The largest refracting telescope in the world is the 40-inch diameter Yerkes telescope located at Lake Geneva, Wisconsin (Figure \(\PageIndex{6}\)), and operated by the University of Chicago.

It is very difficult and expensive to build large refracting telescopes. You need large defect-free lenses, which in itself is a technically demanding task. A refracting telescope basically looks like a tube with a support structure to rotate it in different directions. A refracting telescope suffers from several problems. The aberration of lenses causes the image to be blurred. Also, as the lenses become thicker for larger lenses, more light is absorbed, making faint stars more difficult to observe. Large lenses are also very heavy and deform under their own weight. Some of these problems with refracting telescopes are addressed by avoiding refraction for collecting light and instead using a curved mirror in its place, as devised by Isaac Newton. These telescopes are called reflecting telescopes.

## Reflecting Telescopes

Isaac Newton designed the first reflecting telescope around 1670 to solve the problem of chromatic aberration that happens in all refracting telescopes. In chromatic aberration, light of different colors refracts by slightly different amounts in the lens. As a result, a rainbow appears around the image and the image appears blurred. In the reflecting telescope, light rays from a distant source fall upon the surface of a concave mirror fixed at the bottom end of the tube. The use of a mirror instead of a lens eliminates chromatic aberration. The concave mirror focuses the rays on its focal plane. The design problem is how to observe the focused image. Newton used a design in which the focused light from the concave mirror was reflected to one side of the tube into an eyepiece (Figure \(\PageIndex{7a}\)). This arrangement is common in many amateur telescopes and is called the Newtonian design.

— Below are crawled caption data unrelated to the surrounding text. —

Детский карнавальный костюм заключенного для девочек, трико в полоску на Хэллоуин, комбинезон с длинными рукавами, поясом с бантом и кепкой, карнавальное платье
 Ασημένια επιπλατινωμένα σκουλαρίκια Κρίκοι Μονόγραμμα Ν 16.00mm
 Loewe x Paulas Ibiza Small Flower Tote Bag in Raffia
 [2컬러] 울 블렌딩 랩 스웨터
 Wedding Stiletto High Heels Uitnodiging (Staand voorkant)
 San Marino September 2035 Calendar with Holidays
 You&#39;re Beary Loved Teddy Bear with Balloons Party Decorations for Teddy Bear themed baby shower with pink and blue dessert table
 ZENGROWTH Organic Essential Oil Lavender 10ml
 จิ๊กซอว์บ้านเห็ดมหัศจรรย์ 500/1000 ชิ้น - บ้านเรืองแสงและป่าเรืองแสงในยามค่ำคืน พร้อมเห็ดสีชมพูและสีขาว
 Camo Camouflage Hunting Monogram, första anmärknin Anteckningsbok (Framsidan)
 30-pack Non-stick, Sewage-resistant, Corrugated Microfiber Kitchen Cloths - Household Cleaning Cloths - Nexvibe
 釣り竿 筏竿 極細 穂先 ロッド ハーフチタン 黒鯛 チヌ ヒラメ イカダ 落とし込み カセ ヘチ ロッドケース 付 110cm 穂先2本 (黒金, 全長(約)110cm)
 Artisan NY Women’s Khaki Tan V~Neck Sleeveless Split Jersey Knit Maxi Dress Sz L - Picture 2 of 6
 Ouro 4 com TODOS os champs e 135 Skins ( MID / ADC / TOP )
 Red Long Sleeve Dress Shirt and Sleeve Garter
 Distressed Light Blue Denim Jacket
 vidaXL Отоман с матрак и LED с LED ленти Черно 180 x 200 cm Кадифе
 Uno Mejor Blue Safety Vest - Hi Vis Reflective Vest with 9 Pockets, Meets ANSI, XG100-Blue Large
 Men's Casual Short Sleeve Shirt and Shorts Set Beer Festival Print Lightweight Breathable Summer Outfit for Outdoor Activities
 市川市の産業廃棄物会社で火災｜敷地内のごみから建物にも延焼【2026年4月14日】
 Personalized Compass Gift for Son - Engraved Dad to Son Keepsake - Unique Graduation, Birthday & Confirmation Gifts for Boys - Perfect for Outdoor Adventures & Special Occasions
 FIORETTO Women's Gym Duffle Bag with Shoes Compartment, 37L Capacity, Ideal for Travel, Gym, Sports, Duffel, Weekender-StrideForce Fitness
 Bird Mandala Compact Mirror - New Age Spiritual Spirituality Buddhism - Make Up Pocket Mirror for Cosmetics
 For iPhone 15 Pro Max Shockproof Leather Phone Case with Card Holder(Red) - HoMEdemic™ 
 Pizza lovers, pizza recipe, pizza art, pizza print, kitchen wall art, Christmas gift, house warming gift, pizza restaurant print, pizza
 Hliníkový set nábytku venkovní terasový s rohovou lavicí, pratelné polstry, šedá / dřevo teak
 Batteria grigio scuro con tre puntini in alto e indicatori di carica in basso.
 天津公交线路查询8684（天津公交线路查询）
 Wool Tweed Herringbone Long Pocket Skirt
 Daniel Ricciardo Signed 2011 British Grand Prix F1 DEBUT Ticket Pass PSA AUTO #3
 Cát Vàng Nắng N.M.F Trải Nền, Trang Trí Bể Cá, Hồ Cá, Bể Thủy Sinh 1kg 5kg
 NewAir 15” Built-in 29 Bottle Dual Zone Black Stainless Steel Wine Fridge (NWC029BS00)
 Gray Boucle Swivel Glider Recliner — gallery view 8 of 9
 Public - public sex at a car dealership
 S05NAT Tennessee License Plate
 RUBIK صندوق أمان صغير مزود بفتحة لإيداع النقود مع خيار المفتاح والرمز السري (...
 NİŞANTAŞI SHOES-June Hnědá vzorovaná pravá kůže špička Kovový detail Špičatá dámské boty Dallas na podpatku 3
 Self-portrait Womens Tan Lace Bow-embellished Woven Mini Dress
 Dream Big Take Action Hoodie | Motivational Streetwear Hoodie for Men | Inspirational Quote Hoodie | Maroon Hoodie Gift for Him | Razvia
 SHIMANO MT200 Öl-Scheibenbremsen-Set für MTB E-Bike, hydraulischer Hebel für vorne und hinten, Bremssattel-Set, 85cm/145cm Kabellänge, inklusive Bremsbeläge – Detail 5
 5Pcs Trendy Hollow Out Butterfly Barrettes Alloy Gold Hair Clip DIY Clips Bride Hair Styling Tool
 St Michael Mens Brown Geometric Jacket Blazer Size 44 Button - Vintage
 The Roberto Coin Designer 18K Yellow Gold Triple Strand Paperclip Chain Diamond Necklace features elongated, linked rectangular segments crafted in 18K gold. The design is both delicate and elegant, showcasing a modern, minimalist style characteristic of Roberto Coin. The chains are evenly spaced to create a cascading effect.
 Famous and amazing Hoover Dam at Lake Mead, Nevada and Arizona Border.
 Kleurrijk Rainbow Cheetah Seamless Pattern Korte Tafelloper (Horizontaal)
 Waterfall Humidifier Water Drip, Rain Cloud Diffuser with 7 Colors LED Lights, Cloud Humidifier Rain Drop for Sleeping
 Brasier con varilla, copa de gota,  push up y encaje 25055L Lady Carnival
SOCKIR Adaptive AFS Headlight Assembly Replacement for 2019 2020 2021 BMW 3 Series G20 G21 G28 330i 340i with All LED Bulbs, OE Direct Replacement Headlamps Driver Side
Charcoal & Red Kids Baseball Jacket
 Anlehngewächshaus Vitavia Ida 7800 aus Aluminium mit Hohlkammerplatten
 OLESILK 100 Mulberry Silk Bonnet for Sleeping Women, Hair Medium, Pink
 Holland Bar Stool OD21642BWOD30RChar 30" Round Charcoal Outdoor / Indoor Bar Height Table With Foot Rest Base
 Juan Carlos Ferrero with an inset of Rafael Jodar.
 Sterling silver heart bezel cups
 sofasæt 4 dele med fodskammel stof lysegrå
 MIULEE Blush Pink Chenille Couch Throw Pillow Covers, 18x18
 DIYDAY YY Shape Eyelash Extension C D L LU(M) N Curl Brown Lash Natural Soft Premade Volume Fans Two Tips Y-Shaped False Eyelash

Some telescopes reflect the light back toward the middle of the concave mirror using a convex mirror. In this arrangement, the light-gathering concave mirror has a hole in the middle (\(\PageIndex{7b}\)). The light then is incident on an eyepiece lens. This arrangement of the objective and eyepiece is called the ** Cassegrain design**. Most big telescopes, including the Hubble space telescope, are of this design. Other arrangements are also possible. In some telescopes, a light detector is placed right at the spot where light is focused by the curved mirror.

Most astronomical research telescopes are now of the reflecting type. One of the earliest large telescopes of this kind is the Hale 200-inch (or 5-meter) telescope built on Mount Palomar in southern California, which has a 200 inch-diameter mirror. One of the largest telescopes in the world is the 10-meter Keck telescope at the Keck Observatory on the summit of the dormant Mauna Kea volcano in Hawaii. The Keck Observatory operates two 10-meter telescopes. Each is not a single mirror, but is instead made up of 36 hexagonal mirrors. Furthermore, the two telescopes on the Keck can work together, which increases their power to an effective 85-meter mirror. The Hubble telescope (Figure \(\PageIndex{8}\)) is another large reflecting telescope with a 2.4 meter-diameter primary mirror. The Hubble was put into orbit around Earth in 1990.

The angular magnification \(M\) of a reflecting telescope is also given by Equation \ref{eq2.36}. For a spherical mirror, the focal length is half the radius of curvature, so making a large objective mirror not only helps the telescope collect more light, but also increases the magnification of the image.